Словно сено, иссушён,
Позабудет он про сон,
Мыкаясь и день и ночь,
Прах развеет ветер прочь…
Тонкой струйкой вливая сок из ступки в растопленный мёд, она аккуратно перемешивает содержимое. Пару капель белладонны, и отвар готов. Странное упоительное предвкушение заполняет тело девушки. Всего-то и нужно дождаться полнолуния, которое будет через два дня. Восходящее солнце озаряет лучами кухню, превращённую ночью в лабораторию, являя миру забытое людьми зелье. *** Стылый воздух октября пробирает до самых костей. Серебряный диск луны освещает дорожку, проложенную археологами к капищу. Небо, усыпанное светлячками звёзд, необыкновенно чистое. Молодой светловолосый мужчина среднего роста смутно соображает, что он делает здесь, сидя на холодной плоскости камня, пока девушка выводит на его запястьях руны, щекоча кожу. Он ведёт головой вправо и замечает, что на чёрной даже в свете луны земле расставлены свечи, образуя собой круг. Эмма что-то приговаривает, нанося очередной знак чуть выше локтя, и парень с притуплённым ужасом осознаёт, что эту руну он знает: Гебо — жертва или дар. Липкое чувство безысходности скользит по онемевшим венам, пока мозг судорожно пытается вспомнить, как он здесь оказался.

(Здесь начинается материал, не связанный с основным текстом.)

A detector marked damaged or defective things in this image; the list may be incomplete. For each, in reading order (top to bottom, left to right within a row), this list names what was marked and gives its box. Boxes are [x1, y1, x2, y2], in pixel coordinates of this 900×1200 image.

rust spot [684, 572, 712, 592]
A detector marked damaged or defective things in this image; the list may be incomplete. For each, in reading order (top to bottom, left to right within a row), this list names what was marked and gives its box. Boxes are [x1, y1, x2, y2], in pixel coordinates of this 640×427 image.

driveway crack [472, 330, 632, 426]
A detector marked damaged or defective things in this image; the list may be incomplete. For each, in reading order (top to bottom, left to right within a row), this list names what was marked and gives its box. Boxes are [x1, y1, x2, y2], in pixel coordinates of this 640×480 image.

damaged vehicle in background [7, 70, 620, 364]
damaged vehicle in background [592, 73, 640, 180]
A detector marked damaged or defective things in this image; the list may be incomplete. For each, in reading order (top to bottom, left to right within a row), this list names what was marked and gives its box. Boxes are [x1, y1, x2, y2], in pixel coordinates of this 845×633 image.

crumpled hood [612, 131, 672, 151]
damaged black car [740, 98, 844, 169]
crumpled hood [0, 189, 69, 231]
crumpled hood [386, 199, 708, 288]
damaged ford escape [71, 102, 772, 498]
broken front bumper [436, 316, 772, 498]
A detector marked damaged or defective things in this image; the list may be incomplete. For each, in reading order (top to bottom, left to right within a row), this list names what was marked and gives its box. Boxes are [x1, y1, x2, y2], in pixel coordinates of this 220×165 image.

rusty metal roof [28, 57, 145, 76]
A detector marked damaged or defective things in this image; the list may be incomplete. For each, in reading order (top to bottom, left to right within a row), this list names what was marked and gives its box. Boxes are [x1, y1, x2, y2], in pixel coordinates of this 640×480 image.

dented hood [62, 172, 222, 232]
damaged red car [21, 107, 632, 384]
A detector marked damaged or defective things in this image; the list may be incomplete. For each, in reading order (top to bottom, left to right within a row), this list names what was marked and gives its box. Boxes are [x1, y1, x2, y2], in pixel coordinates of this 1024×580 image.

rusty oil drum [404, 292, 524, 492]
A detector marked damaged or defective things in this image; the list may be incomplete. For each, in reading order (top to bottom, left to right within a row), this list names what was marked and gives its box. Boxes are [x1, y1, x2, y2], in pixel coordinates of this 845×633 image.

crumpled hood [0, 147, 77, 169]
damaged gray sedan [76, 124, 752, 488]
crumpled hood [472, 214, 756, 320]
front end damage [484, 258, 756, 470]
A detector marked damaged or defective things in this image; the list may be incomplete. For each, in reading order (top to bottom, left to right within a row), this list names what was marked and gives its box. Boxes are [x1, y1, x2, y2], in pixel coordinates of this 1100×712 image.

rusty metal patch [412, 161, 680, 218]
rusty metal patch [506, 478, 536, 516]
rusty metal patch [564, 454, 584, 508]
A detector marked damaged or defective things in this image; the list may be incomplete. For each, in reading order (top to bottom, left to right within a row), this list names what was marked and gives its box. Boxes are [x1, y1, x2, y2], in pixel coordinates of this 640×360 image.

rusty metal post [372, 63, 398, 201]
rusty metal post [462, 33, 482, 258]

Память подбрасывает ему лишь виденье лица подруги и терпкий вкус чая с медовым ароматом. Мужчина пытается что-то сказать и не может, его тело более не принадлежит ему. Эмма ловит на себе полуосмысленный взгляд, наполненный животным ужасом. — Ох, не нужно так смотреть, — усмешка касается её тонких губ. — Возрадуйся, ты был выбран жертвой для Великих богов. Твоё жалкое существование закончится, и ты сможешь принести пользу не только науке, но и всему человечеству! — в безумных глазах девушки резко промелькнуло осознание, и она устремилась закончить начатое ей дело. Словно парализованный, он видит, как в отблесках свечей мелькает Болин: серповидный нож, увенчанный рукоятью из слоновой кости.О Боги, предо мной явитесь
И лик мой светом озарите.
Сотрите грань между добром и злом,
Сквозь пар гнилья на зов мой отзовитесь…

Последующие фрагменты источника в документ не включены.